Costa Rica was OK, but the cost of living wasn’t as low as the hype made you believe, and was going up fast. I tested Europe (Croatia and Sicily), but the cost of living is too high, and the long-term visa situation expensive.
Indonesia turned out to be a surprise, not so much the cost of living (which is very low) but more because I wasn’t sure about living in a Muslim world. That proved to be a non-issue – I found the indonesians wonderful, friendly people, although the relative poverty of the country was a cause of much petty theft.
Immigration problems, however, caused me to leave. Retirement visas were expensive and heavy with paperwork, and ferrying over to Singapore every month to renew my tourist visa did not seem like a long-term option.
So here I am in Thailand. But so what?
I know I have friends back home who think it’s “cool.” Well, maybe for a short time. But I’ve been here for more than two years, the uniqueness of my situation fading every day.

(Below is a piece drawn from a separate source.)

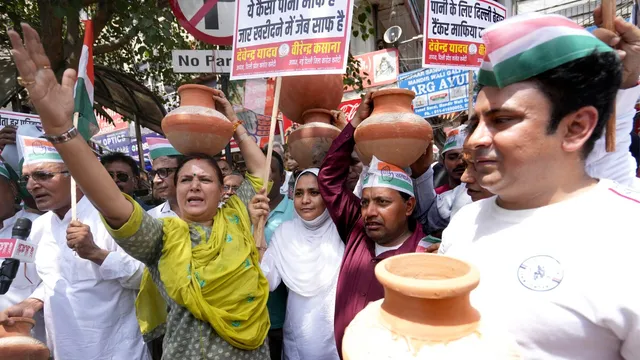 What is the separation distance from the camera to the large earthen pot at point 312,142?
Answer: 10.1 feet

There are only so many temples to see before you tire of them, the fresh markets and street food stalls have become commonplace, part of daily life. There are still challenges, for sure, mostly around language and immigration.
Yesterday, I did my 90-day report that all long-term visa holders are required to do. They’ve simplified the process and moved it to a new office in Hua Hin’s new upscale mall, Bluport (another sign of a rapidly changing environment that will surely include a rising cost of living).
And in two months, I will re-apply for another one-year visa, this year guaranteeing my income by having 800,000 baht in a Thai bank, rather than getting a notorized affidavit from the U.S. Embassy in Bangkok certifying my Social Security income. The change saves me the roughly $500 expense of going to Bangkok; I just need a certificate from my local bank.
While some people might find such requirements bothersome, immigration rules in Thailand are the best I’ve encountered so far. When combined with the low cost of living (slightly more than Indonesia) and the quality of life my small imcome can provide.
Don’t get me wrong. I’m not touting Thailand as a destination. Heck, I don’t want any more foreigners coming to Thailand; the more that come, the higher the cost of living goes. And stuff like a Bluport mall, with its 8-cinema complex are a sure sign of that happening.
Foreigners don’t seem to be satisfied with the country as they see it; they want to change it into their country, with all the products and services they were used to before moving. So, at some point, Thailand will be too expensive and homogenized for me to stay.
For the time being, however, this is home. And it’s really simply that – a home. It’s not really an adventure anymore for the most part. There are exceptions, such as recently attending ceremonies in Suhothai for new monks, but life generally is pretty boring.
It was the same in Indonesia after the blush wore off.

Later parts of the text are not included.